Wednesday, 17 July 2013

The Time Monster

The Doctor prepares to track the Master.
‘The Time Monster’ was an interesting story. A lot of fun, a bit crazy and definitely non-sensical,  but an interesting idea that may or may not have worked. I’m still not sure. On the one hand as an audience member I had to suspend disbelief when looking at a man in a white bird suit apparently being the monster, and groaning at the name ‘Chronivore – eater of time’, and yet for much of it I enjoyed the absurdity.
Barry Letts the Producer often said he wanted science rooted in fact. Let’s be honest there was little to none of that in ‘The Time Monster’, which he co-penned with Robert Sloman who was credited with this story. I think it’s great that
Man in a white suit = monster???
Doctor Who had a story which had a little to do with time – such as the season opener in ‘Day of the Daleks’, but not a lot was made of it over these six episodes save for some things being brought forward in time to attack UNIT troops and the like. The plot again reads as the Master trying to control a being he could ultimately have no chance of controlling to give him the ultimate in power – which admittedly changes from story to story. Here it’s presumably power of all of time. He also tried to harness the Nestene, the doomsday weapon, the power of Azal and so forth.

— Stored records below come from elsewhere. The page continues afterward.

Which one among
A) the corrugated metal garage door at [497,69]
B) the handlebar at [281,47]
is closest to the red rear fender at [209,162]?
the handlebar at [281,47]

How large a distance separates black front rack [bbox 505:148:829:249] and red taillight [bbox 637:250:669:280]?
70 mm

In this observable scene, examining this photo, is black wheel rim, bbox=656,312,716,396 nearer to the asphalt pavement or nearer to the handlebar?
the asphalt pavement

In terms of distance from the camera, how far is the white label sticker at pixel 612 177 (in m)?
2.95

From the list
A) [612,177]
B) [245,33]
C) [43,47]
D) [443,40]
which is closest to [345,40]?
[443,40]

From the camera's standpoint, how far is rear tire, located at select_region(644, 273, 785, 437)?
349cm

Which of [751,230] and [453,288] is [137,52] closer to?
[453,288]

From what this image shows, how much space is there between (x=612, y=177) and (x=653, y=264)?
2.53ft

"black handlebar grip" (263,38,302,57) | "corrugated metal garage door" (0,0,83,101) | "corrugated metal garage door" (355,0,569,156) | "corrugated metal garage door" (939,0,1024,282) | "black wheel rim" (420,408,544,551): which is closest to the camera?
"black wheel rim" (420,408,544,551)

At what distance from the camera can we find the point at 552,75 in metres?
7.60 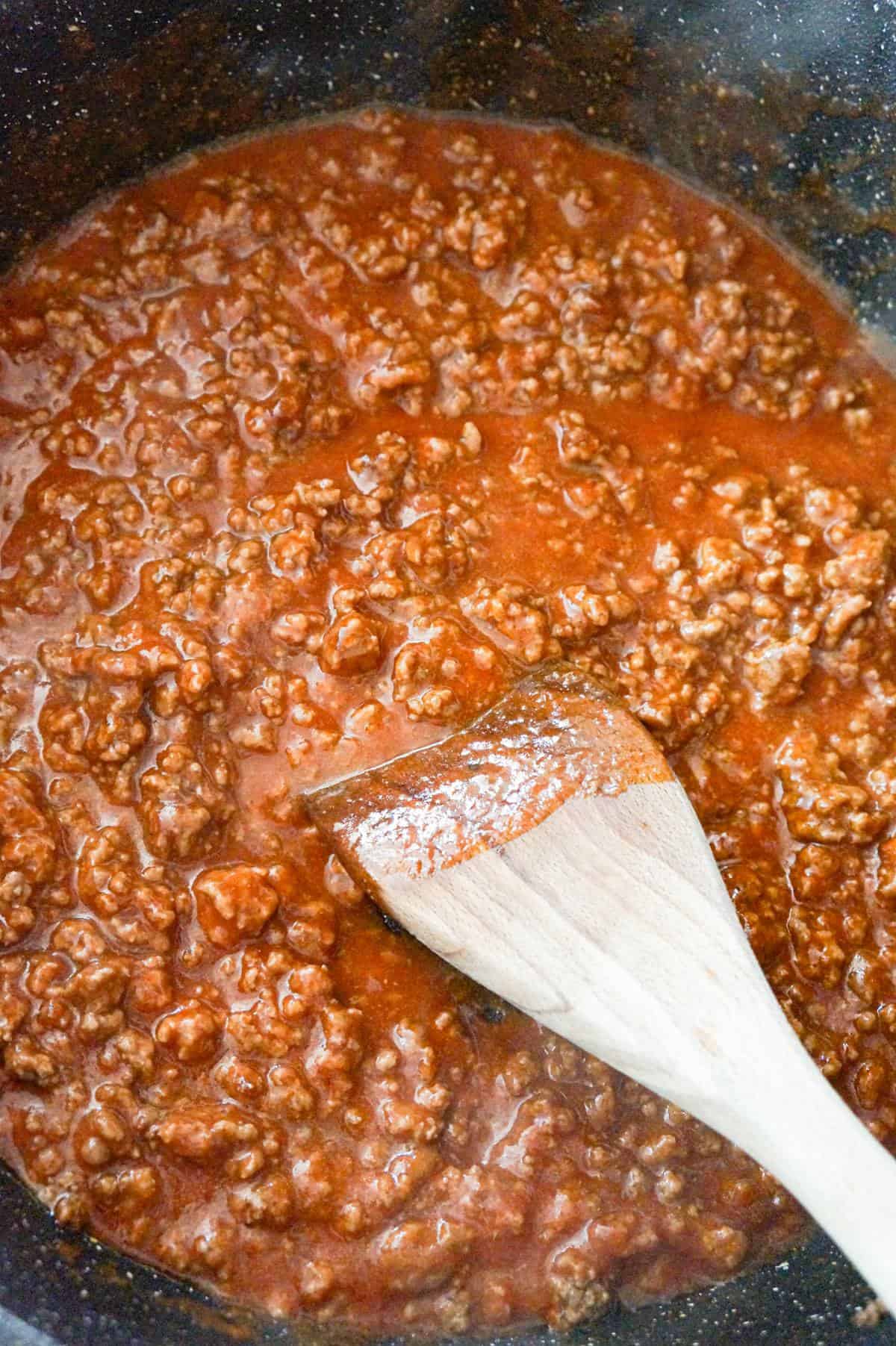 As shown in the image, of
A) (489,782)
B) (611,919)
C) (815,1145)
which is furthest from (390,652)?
(815,1145)

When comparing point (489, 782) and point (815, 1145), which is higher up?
point (489, 782)

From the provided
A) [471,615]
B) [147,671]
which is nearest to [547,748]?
[471,615]

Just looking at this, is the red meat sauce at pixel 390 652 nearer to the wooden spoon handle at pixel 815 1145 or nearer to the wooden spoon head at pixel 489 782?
the wooden spoon head at pixel 489 782

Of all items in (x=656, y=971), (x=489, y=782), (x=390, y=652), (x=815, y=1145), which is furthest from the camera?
(x=390, y=652)

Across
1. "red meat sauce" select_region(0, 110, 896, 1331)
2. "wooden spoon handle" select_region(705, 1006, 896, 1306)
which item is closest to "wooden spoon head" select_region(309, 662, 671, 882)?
"red meat sauce" select_region(0, 110, 896, 1331)

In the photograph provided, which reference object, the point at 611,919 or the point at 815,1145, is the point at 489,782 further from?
the point at 815,1145

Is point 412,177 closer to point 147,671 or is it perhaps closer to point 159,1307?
point 147,671

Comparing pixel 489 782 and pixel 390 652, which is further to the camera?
pixel 390 652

The TARDIS full of salad bowls!
That aside, if you allow yourself into the world of this story it’s quite light-hearted despite the destruction of Atlantis and a couple of deaths. It moves at a decent pace, with the last two episodes set in Atlantis and features a lot of the TARDIS – both the Doctor’s and the Master’s, which we've seen precious little of since Doctor Who went into colour. Apparently no-one likes the salad bowl sets, except for me. I think they looked smashing and might yet decorate my TARDIS in such a design.
Delgado and George Cormack.
Moving on the cast is superb. Roger Delgado holds nothing back in this quintessential performance, whilst Jon Pertwee, Nicholas Courtney, John Levene and Katy Manning are clearly having a ball. The Doctor builds a device to interfere with the Master’s TARDIS out of forks, a wine bottle and tea leaves, whilst the Master drops a doodle-bug on Mike Yates. Benton outwits the Master ever so cunningly only to have the Master fool him even more simply. THEN Benton ends up a baby!
Ingrid Pitt.

Ingrid Pitt guest stars as Galeia, Queen of Atlantis, a city with a lot of topless men who are very very white. The guest cast is full of brilliant performances from George Cormack as Dalios to Wanda Moore as Doctor Ruth Ingram. We even have another character in the style of a useless bureaucrat in Doctor Percival, played by John Wyse.
A wonderful array of sets for Atlantis, essentially only appearing in the final two episodes, were contructed too and kudos to the team for that because they can’t have had much money for them. Unless they borrowed them from ‘I, Claudius’ ???
Look, it’s no classic, some could even say it’s so bad it’s good, but I think it’s a pretty enjoyable 6 part story.